それは恐ろしい猛獣の笑みであるはずなのに


今の私には、この世の何よりも頼もしく、美しいものに見えた。


「…お前の叔父とやらは、俺が直々に追い払ってやる。お前はただ、ここで大人しく家事の続きをしていろ。……いいな?」


「……はい、ルークさん。

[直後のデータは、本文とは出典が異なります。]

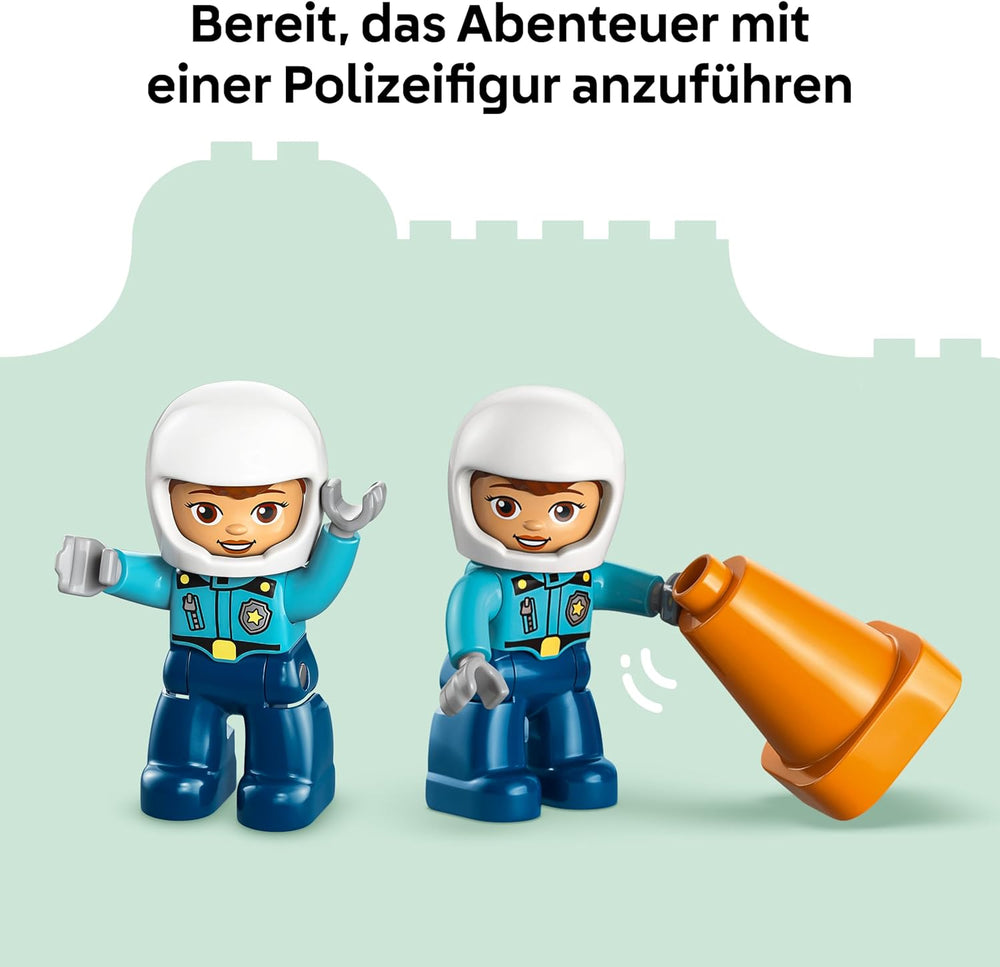 LEGO DUPLO Moto de policía azul - Lernspielzeug zur Förderung der Motorik für Kleinkinder - incl. Motorrad, Polizisten Figur und Verkehrsampel - Geschenk für Jungen und Mädchen ab 2 Jahren - 10471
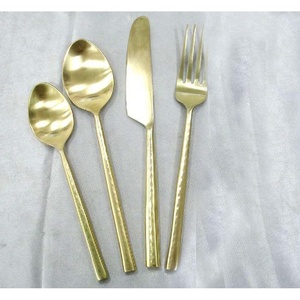 Vaisselle élégante et unique, en acier inoxydable plaqué or, design incroyable, ensemble de couverts, fourchette, cuillère et couteau - Product Image 5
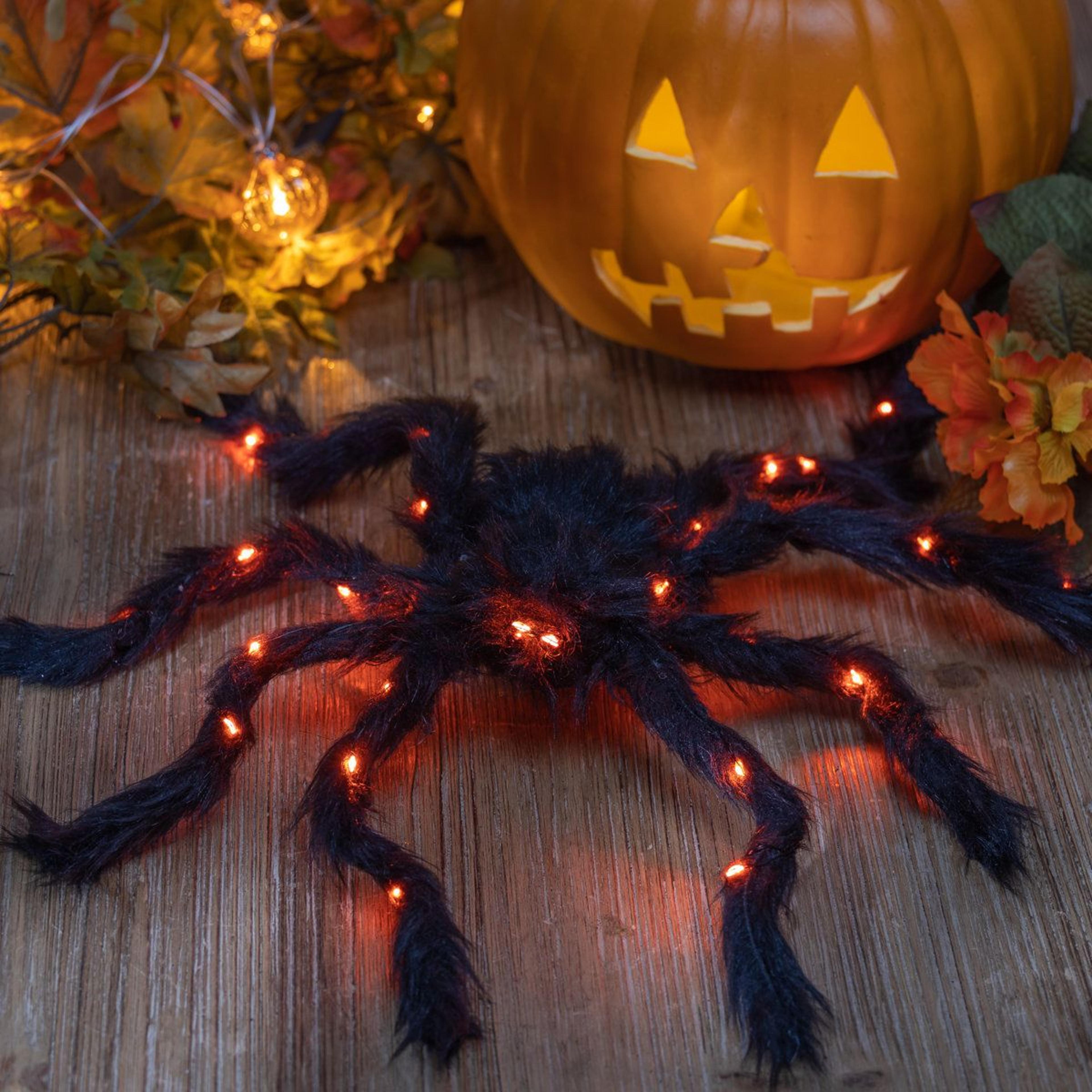 Lighted Fuzzy Halloween Spider Set Of 2 With Bendable Legs And Orange LED Lights 1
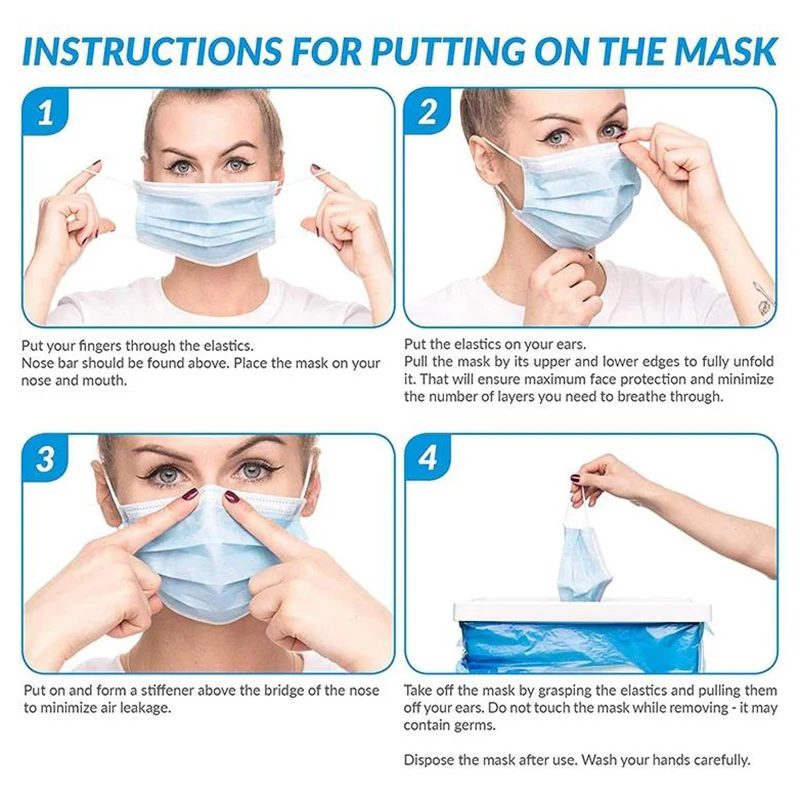 50 PCS Face Mask Non Medical Surgical Disposable 3Ply Earloop Mouth Cover - Orange (with Box) - Image 5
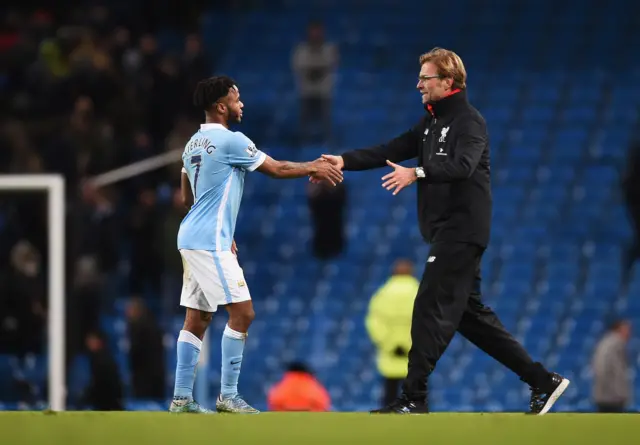 Jurgen Klopp with Raheem Sterling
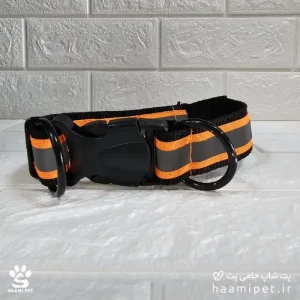 خرید قلاده کتفی سگ مدل شبرنگ قطر 3/7 سانتی نارنجی مخصوص سگ نژاد بزرگ از پت شاپ حامی پت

……何から何までありがとうございます…っ」


ルークさんはゆっくりと鍵を開け、外へと踏み出した。


逆光の中で、彼の影が巨大に伸びる。


「……俺の館に、招かれざる鼠が紛れ込んだようだな」


扉が閉まった瞬間


外から叔父様たちの絶叫と、地響きのような獣の唸り声が響き渡った。


私は震える手で雑巾を絞り直し、必死に床を磨き続けた。


彼が帰ってくる場所を、少しでも綺麗にしておきたかったから。


外の騒ぎは、驚くほど短時間で静まり返った。


(……ルークさんは、化け物なんかじゃない…私を、そして私のお父様を救おうとしてくれている、優しい狼さんだもの)


恐怖はいつしか、絶対的な信頼へと変わっていた。


薬の完成まで、あと二日。


お父様を救うため


そして、この無愛想で優しいルークさんとの一分一秒を慈しむために


私はこの館で、最後の一週間を精一杯生きようと決めた。